** Aim of the task **
The required output is the line that contains "Pure and Simple" and every line after it, each written out exactly, up to the end of the entries.

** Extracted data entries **
========================
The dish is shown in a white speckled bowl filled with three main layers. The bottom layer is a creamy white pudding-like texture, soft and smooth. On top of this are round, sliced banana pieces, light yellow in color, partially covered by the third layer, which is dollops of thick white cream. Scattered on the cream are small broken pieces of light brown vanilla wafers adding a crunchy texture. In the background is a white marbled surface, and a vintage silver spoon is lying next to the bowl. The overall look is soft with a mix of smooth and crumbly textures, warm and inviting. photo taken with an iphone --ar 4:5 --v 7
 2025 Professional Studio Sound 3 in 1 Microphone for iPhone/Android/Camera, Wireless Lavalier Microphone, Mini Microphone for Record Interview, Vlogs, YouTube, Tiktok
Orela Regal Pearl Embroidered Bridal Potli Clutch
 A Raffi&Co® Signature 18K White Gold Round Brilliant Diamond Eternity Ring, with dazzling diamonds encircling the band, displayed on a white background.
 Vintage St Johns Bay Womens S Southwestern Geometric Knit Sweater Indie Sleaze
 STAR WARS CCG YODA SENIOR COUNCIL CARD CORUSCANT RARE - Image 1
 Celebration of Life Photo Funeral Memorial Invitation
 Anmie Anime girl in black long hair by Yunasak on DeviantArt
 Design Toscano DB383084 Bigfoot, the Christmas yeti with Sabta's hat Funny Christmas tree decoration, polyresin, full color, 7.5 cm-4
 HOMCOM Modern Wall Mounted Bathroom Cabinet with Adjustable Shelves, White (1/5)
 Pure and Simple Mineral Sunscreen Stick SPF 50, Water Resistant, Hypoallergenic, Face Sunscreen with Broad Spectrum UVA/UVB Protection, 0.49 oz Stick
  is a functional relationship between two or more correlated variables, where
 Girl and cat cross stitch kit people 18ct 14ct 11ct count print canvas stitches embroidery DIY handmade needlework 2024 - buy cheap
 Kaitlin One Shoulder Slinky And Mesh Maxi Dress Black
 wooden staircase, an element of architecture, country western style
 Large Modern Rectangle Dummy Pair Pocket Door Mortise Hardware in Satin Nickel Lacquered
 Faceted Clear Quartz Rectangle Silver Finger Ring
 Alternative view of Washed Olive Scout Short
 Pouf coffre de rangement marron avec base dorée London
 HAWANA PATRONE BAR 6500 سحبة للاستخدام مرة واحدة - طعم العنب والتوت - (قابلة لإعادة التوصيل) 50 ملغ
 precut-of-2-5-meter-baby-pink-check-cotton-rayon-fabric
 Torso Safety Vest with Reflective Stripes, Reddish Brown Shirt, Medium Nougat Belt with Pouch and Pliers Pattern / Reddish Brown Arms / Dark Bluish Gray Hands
========================
** Your solution **
 Pure and Simple Mineral Sunscreen Stick SPF 50, Water Resistant, Hypoallergenic, Face Sunscreen with Broad Spectrum UVA/UVB Protection, 0.49 oz Stick
  is a functional relationship between two or more correlated variables, where
 Girl and cat cross stitch kit people 18ct 14ct 11ct count print canvas stitches embroidery DIY handmade needlework 2024 - buy cheap
 Kaitlin One Shoulder Slinky And Mesh Maxi Dress Black
 wooden staircase, an element of architecture, country western style
 Large Modern Rectangle Dummy Pair Pocket Door Mortise Hardware in Satin Nickel Lacquered
 Faceted Clear Quartz Rectangle Silver Finger Ring
 Alternative view of Washed Olive Scout Short
 Pouf coffre de rangement marron avec base dorée London
 HAWANA PATRONE BAR 6500 سحبة للاستخدام مرة واحدة - طعم العنب والتوت - (قابلة لإعادة التوصيل) 50 ملغ
 precut-of-2-5-meter-baby-pink-check-cotton-rayon-fabric
 Torso Safety Vest with Reflective Stripes, Reddish Brown Shirt, Medium Nougat Belt with Pouch and Pliers Pattern / Reddish Brown Arms / Dark Bluish Gray Hands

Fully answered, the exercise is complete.